Degree of appearance of signs in rabbits after experimental challenge varies in various studies. In present study, signs appeared after three months of inoculation. In another study, four adult and sixteen juveniles were orally given the challenge with 1 ml of 108 CFU and signs were appeared after four months of inoculation. Again, in another trial, thirteen rabbits were kept for the purpose and orally inoculum 3.6x108was given for two days and signs were appeared after three months in nine rabbits.
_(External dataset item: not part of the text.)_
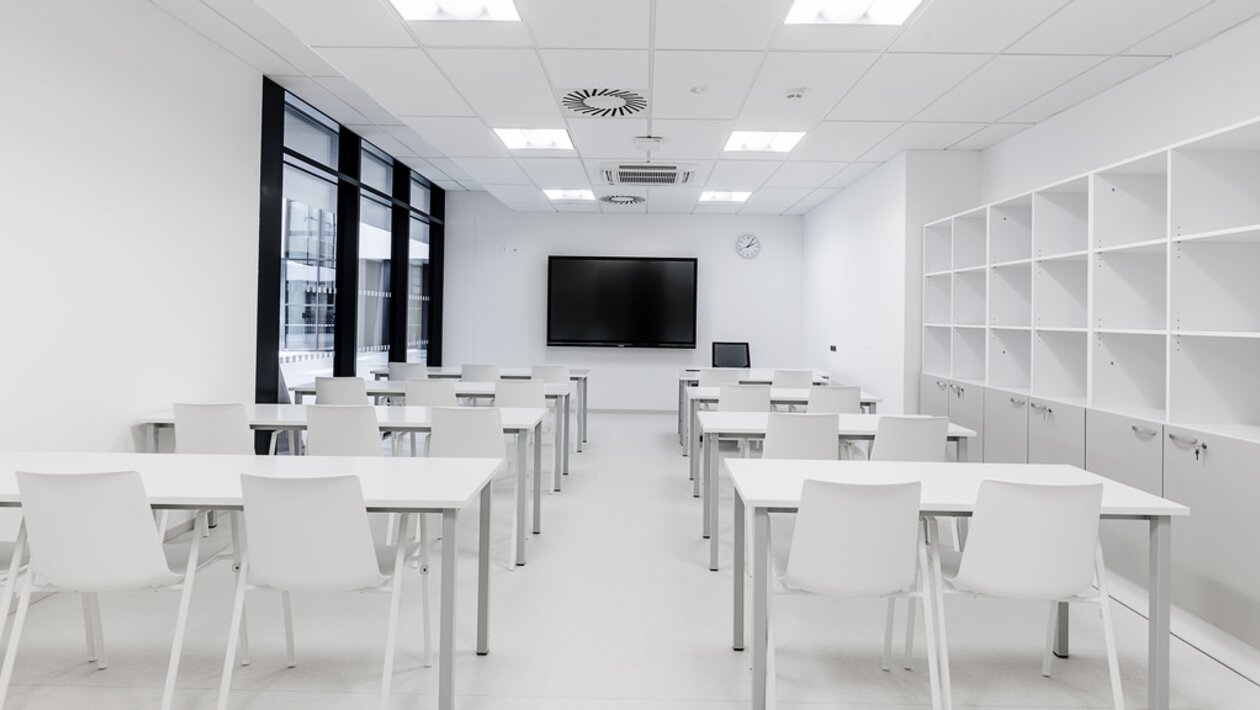 salle de formation avec mobilier blanc et grandes fenêtres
Histopathological findings were also studied in experimentally challenged rabbits. After three months of inoculation, the post mortem lesions were observed in diarrheic rabbits in different part of gastrointestinal tract, i.e., ilium, cecum, ileocecal valve and lymph nodes. The chronic diarrheic lesions are very much similar to those which are commonly found in cattle (Buergelt et al., 1978).

These lesions include granulomas, focal lesions multifocal lesions, giant cells, macrophages and fibrous tissues and similar type of multifocal lesions found in ruminants (Chidioni et al., 2010). These similar kinds of findings of enteritis in rabbits and cattle suggest that rabbits are good model for study of lesions in ruminants and other animals (Mokresh et al., 1989).

These lesions were categorized into different categories i.e. mild, moderate and marked in different parts of gastrointestinal tract and adjacent lymph nodes. After completion of therapeutic trials with amikacin and cinnamon again findings of these lesions were recorded and compared with the previous one in all groups. There was considerable difference in lesions before and after trials. This decrease in lesions may be suggested as a positive sign towards the treatment of Johne’s disease.

 

ACKNOWLEDGEMENT

Authors acknowledge the Department of Microbiology, University of Veterinary and Animal Sciences Lahore for providing pure culture of MAP and Pathology section of WTO Quality Assurance Laboratory to help performing the histopathology and also providing cages to keep the rabbits separately.

 

CONCLUSION

The results of this study showed that severity of lesions markedly decreased with the administration of amikacin and cinnamon in experimentally challenged Johne’s diseased rabbits. Their use may also be helpful in other affected ruminants, i.e., sheep, goats and especially bovines.

 

Statement of conflict of interest

The authors declare no conflict of interest.